In the face of extremely compelling evidence against coal and nuclear energy, our government’s response to South Africa’s electricity crisis is to continue building coal-fired power stations and a very expensive nuclear power plant, argued Fazila Farouk, executive director of The South African Civil Society Information Service (SACSIS) in her opening remarks at a panel discussion that focused on South Africa’s energy crisis and government’s response and the public’s reaction to it.
The panel discussion that was co-hosted by SACSIS and the Friedrich Ebert Stiftung South Africa Office (FES) interrogated the question: “Why is public opinion indifferent to renewable energy as a solution to South Africa’s electricity crisis?”
Speakers on the panel included Tasneem Essop, low carbon advocate at the World Wildlife Fund (WWF-SA) and a commissioner on South Africa’s National Planning Commission (NPC); Ferrial Adam, Africa and Arab region team leader at the environmental NGO, 350.org; Dr. David Fig, an environmental sociologist that has written a book about nuclear energy in South Africa; and Renate Tenbusch, a political scientist who heads up FES’ South Africa office.
South Africa’s Electricity Crisis Provides the Perfect Opportunity to Review Our Energy Programme
In setting the context, Farouk posed the following question: Given what we already know about the dangers of climate change, our current energy crisis presents the perfect opportunity to ask how we can do things differently; so how can South Africa produce the additional energy that we need in a more responsible and sustainable manner?

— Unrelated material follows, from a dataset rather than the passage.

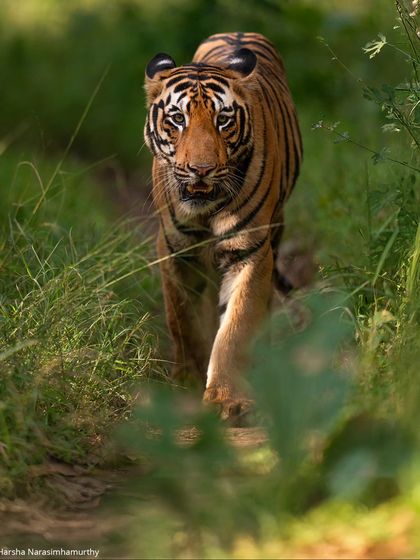 A young male tiger from Tadoba's Kolsa range, striding through the lush post-monsoon forest. The vibrant green backdrop makes his orange coat pop, creating a visually stunning image.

Instead, the question, which is foremost in South African minds right now is: “When are the two new coal fired power stations, Kusile and Medupi, going to come on line so that we stop experiencing power outages?” It’s an extremely selfish position for an entire nation to be taking.
Thus, Farouk argued that public opinion and public will are extremely important phenomena to be focusing on in the struggle for cleaner and safer energy solutions for South Africa.
South Africa’s Energy Solutions Buck International Trends
NPC commissioner, Tasneem Essop of WWF-SA, kicked off the panel’s inputs by talking about the promising international trend toward renewable energy. Quoting Bloomberg, she said that the race for renewable energy has passed its tipping point globally. The price of wind and solar is dropping, making both these sources of energy more competitive.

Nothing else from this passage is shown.